**AVAILABLE DATA**:

☆ ☆ ☆ ☆

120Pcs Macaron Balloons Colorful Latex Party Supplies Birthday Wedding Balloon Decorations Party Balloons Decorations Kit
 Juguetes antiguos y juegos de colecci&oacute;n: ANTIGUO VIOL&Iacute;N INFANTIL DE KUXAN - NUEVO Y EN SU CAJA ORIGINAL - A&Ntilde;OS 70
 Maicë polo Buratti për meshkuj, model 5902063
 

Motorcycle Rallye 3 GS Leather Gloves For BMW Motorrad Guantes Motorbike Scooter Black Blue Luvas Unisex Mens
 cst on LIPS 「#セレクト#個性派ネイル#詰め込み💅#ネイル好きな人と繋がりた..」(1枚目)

☆ ☆ ☆ ☆

**DIRECTIONS**: Reproduce, word for word, the line containing "Motorcycle Rallye 3" along with every later line of the listing, and leave out all earlier lines.

**EXERCISE OUTPUT**:
Motorcycle Rallye 3 GS Leather Gloves For BMW Motorrad Guantes Motorbike Scooter Black Blue Luvas Unisex Mens
 cst on LIPS 「#セレクト#個性派ネイル#詰め込み💅#ネイル好きな人と繋がりた..」(1枚目)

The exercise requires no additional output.